The city of Minneapolis fines a homeowner $500 if the property has been rented without a license. In St. Paul, officials provide a warning, and require that homeowners then follow through with the inspection process.
Inspectors in St. Paul and Minneapolis routinely search Craigslist for properties being rented without an inspection.
"We find more and more every day," Wiese said.
Inspectors said it's difficult to track the exact number of accidental landlords. The city of Minneapolis began inspecting single-family homes in 2008, making long-term comparisons impossible. In St. Paul, the inspections paperwork does not distinguish between a family converting their home into a rental property and an investor buying up foreclosed properties and converting them into rentals.
For many, the decision to rent out their own home is the end result of a number of complicated financial problems.
Vargo and Preis decided to rent out their tiny home when their banker laid out a plan: spend $50,000 to renovate the home, rent it out for a few years, and then sell it. In the meantime, the bank would provide a loan for a new property.
Vargo said he and his partner were lucky compared to many accidental landlords. The couple never lived in the dilapidated home they purchased in 2007, and instead had been renting a nearby apartment while they prepared for the house to be demolished.
Over the summer, the couple instead began transforming the home into a rental property. They installed new flooring and appliances, and plan to schedule an inspection once the renovations are completed. Vargo compiled a list of electricians, plumbers, and others to call for emergency maintenance needs.
"You have to have somebody ready," he said. "Because as you know, if you've been a renter, suddenly your water goes out, you call yelling, 'We have no water. I'm in the middle of a shower. I have to get to work.' Those are the calls we're going to get."
Vargo also consulted with friends who own rental properties. He said the advice he received from one friend was surprising.
"She said, at wine group, 'You don't want to rent to poor people,'" Vargo said, adding that the woman encouraged him to increase the rent "to get a better quality tenant."
"We were aghast," he said. "That just sounded harsh."
The couple had planned to rent the two-bedroom home for $700 a month, but after consulting with their real estate broker, increased the rent to $950. Vargo said he's optimistic that they'll be able to find a renter as soon as the renovations are completed.
In June, the couple bought a vacant lot in Richfield and plan to build their dream home there instead.
Samantha Strong, the couple's real estate broker, said that she's seeing more and more clients interested in renting out their home. Many clients want to take advantage of the low housing prices and buy a larger house, she said, but they also don't want to sell their home for less than what they believe its worth.
"We're dealing with accidental landlords, and they're not excited about it," she said. "It's not a situation somebody would choose, but sometimes it's the only thing that's going to bridge the gap when you own two homes."
Strong opened a property management division of her real estate company two months ago to manage the rental properties of new landlords. She helps homeowners find tenants and coordinates repairs and maintenance.

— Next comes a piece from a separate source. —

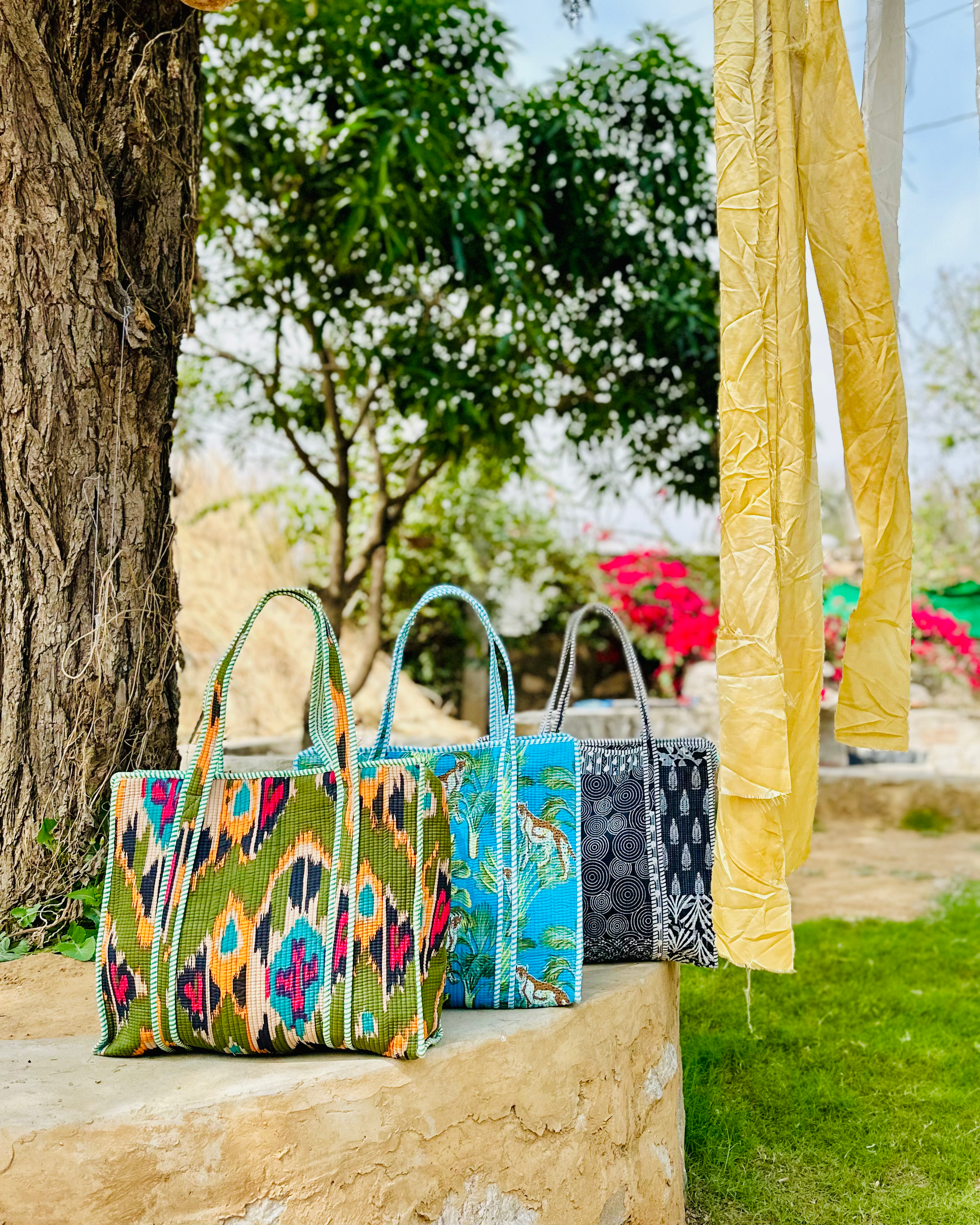 Large quilted bag (block printed by hand from Rajasthan)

She also offers practical advice - invest in good quality flooring and appliances, but avoid spending too much money.
"Things will break, and you also have to consider who's living there," Strong said. "The person who's renting it will never treat it as well as you did, never."
Strong should know - she turned her Minneapolis home into a rental property several years ago and moved into a duplex. She rents out one half and lives in the other.
"Being a landlord is stressful," she said. "It takes a stomach. It definitely does."